Yeah I agree it's not exactly great that a failure to pin can be considered
an ordinary case, but I don't think a wrapper function is where we should
be trying to fix this.

In fact this patch isn't even fixing it, it's treating EIO as a success
case for the (possibly broken) uprobe case.

I think we are at the wrong level of abstraction here, basically.

>
> > That can be a reason for gup returning 0 but also if it you look at the
> > main loop in __get_user_pages_locked(), if it can't find the VMA it will
> > bail early, OR if the VMA flags are not as expected it'll bail early.
>
> And how does that make any sense? Missing VMA should be EFAULT.

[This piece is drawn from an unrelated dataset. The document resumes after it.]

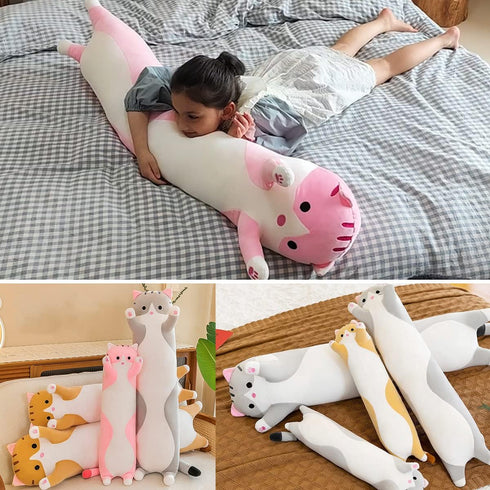 Giant Cat Pillow Plush, Gray 110cm/43.3inch, Cuddly Soft Cartoon Kitty Sleeping Hugging Doll Toy for Kids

Yeah missing VMA doesn't really make sense since we invoke the function
with the mmap lock held (it _could_ make sense if you were calling it via
one of the unlocked functions, speculatively, though how sensible doing
that is another discussion...)

>
> > caller differentiates between an error and not being able to pin -
> > uprobe_write_opcode() - which treats failure to pin as a non-error state.
>
> That looks like a bug since the function returns 0 on success but it
> clearly didn't succeed.

The code is specifically handling a failure-to-pin separately - set_swbp() ->
uprobe_write_opcode() -> install_breakpoint() explicitly does the following:-

ret = set_swbp(&uprobe->arch, mm, vaddr);
if (!ret)
clear_bit(MMF_RECALC_UPROBES, &mm->flags);

So even if this is... questionable, the code literally does want to
differentiate between an error and a failure to pin.

Presumably this is because of the flag check, but yeah we should be
differentiating between sub-cases.

>
> > Also if we decided at some point to return -EIO as an error suddenly we
> > would be treating an error state as not an error state in the proposed code
> > which sounds like a foot gun.
>
> No, this returning 0 on failure is a foot gun. Failing to pin a single
> page is always an error, the only question is what sub reason caused
> the error to happen. There is no third case where it is not an error.
>
> Jason

The uprobe path thinks otherwise, but maybe the answer is that we just need
to -EFAULT on missing VMA and -EPERM on invalid flags.

I could look into a patch that tries to undo this convention, and then we
could revisit this for the wrapper function too.